フェリーのチケット。Aran Island Ferries はどの通りにも支店がある感じ。私はコーチを降りた目の前にある支店へ。問題なく受け取れた。バス停も教えてもらい、0915にそこにいれば良いと聞いた。馬車観光が売り切れているみたいなんだけど、他にも会社は無いのか、と尋ねると、他にもあるそうだ。バスツアーはたくさんある。よしよし。
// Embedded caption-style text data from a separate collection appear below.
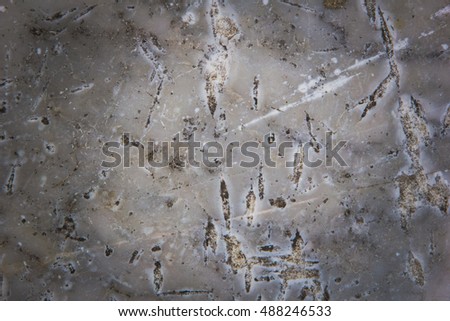 Stone abstract background with a pattern caused by water erosion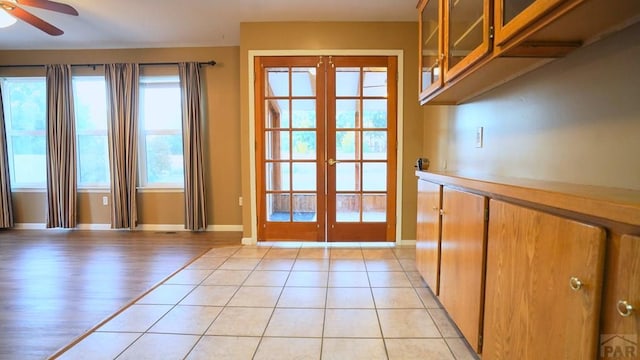 doorway featuring a ceiling fan, french doors, baseboards, and light tile patterned floors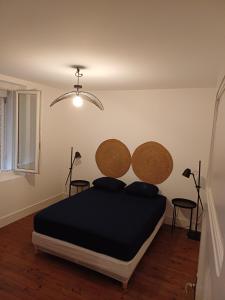 a bedroom with a bed with a black blanket and wooden floors at Betty in Saint-Gaudens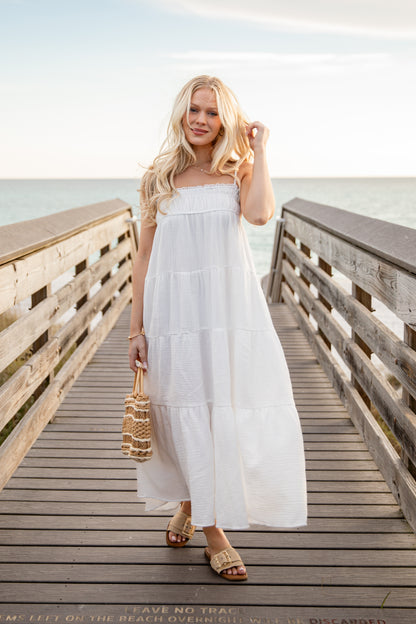 Woman in a white dress standing on a wooden pier by the sea.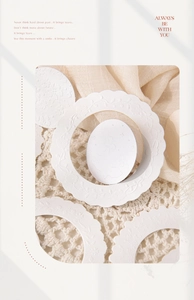 Detail of white embossed floral cardstock with elegant wavy borders for scrapbooking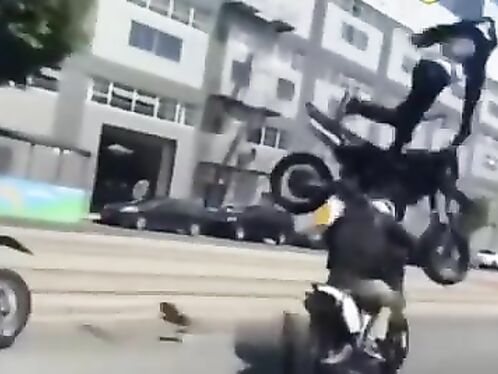 Bikers flip their motorcycles in a street stunt showdown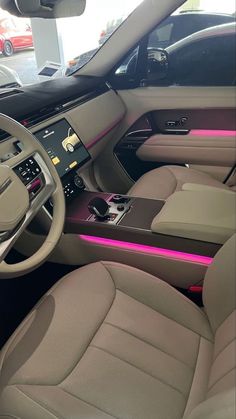 the interior of a car with pink trim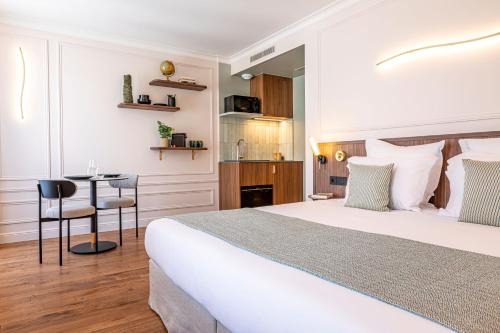 Quartier de Rochechouart Apartamento | Villa SoPi Appart'Hotel by Patrick Hayat
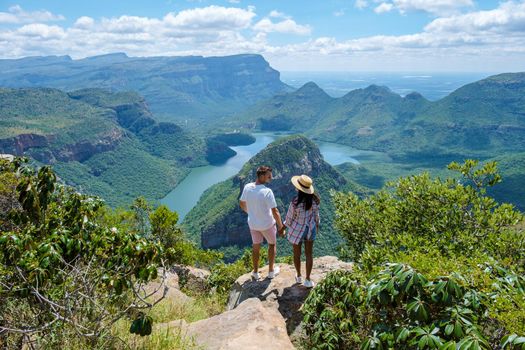 Panorama Route South Africa, Blyde river canyon with the three rondavels, view of three rondavels and the Blyde river canyon in South Africa. Asian women and Caucasian men on vacation in South Africa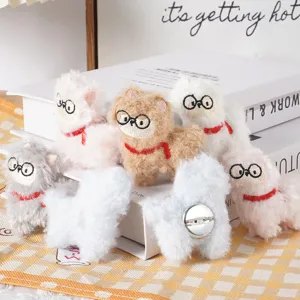 Cute plush alpaca brooch with glasses and scarf, soft stuffed cartoon animal accessory detail shot.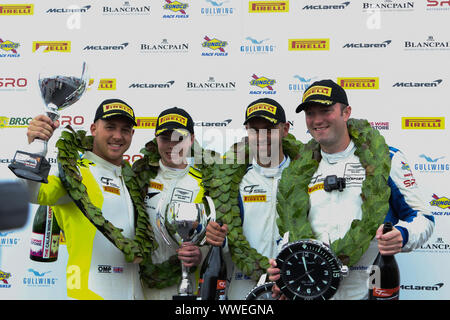 Derby, UK. 15th Sep, 2019. 2019 British GT champions from left to right, GT4 champions TF Sport drivers Ashley Hand & Tom Canning and GT3 champions TF Sport drivers Jonny Adam & Graham Davidson during the British GT Donington Park GP at Donington Park, Derby, England on 15 September 2019. Photo by Jurek Biegus. Editorial use only, license required for commercial use. No use in betting, games or a single club/league/player publications. Credit: UK Sports Pics Ltd/Alamy Live News Stock Photo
フェリーに乗る際にスーツケースを預けたいので、ネット予約してあった Big O Taxi も見つけた。予約係が親切で、一緒に画面を見ながら確認できた。私がスケジュール確認に手間取っても、いいよいいよ、落ち着いて、と言ってくれる。良いな。

正面に見えるのがBig O Taxi の建物

ところが! タクシーは確認できたけど、スーツケース受け取りはやめたんだって。コロナのせいかもね。通りの向こうにあるprocab ならやってるよ、と教えてもらい、近くまで行ったが経営している雰囲気がなく、またあまりにも場末っぽくて、ここに荷物を預けるのは心配だな、と、中まで行かずに諦めて、駅にロッカーはないか探す。無い。車両のレーンが2本あるだけだ。入るのと出るのと。
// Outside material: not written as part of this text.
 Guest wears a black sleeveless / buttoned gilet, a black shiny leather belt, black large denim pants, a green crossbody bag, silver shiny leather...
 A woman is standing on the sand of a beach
左手にフェリー切符売り場。右手のガラス張りの円形の建物がバスターミナル。

コーチステーションはどうだ。スーツケース用のコインロッカーは無い。参ったなぁ、と思いつつ、明日のバスが出るMerchants Rd を調べに向かうと、途中に Kinlay Hostel があった。さっき、Big O の青年は、Kinlay hostelでも荷物預かりやってるよって言ってたよね。なので、受付で聞いてみる。わ! 24時間6ユーロでやってる。予約なしで当日運んでくれば良いそうだ。Galway のツアーも一手に引き受けているようで安心だ。ツアー会社からのホステルなのか、ホステルからのツアー会社なのか、わからないけれど、ここは使えそうです。

バスの止まるMerchants Rd、なるほど。さまざまバスが道路沿いに、標識もなく並ぶ。どのバスなのか気をつけておくべし。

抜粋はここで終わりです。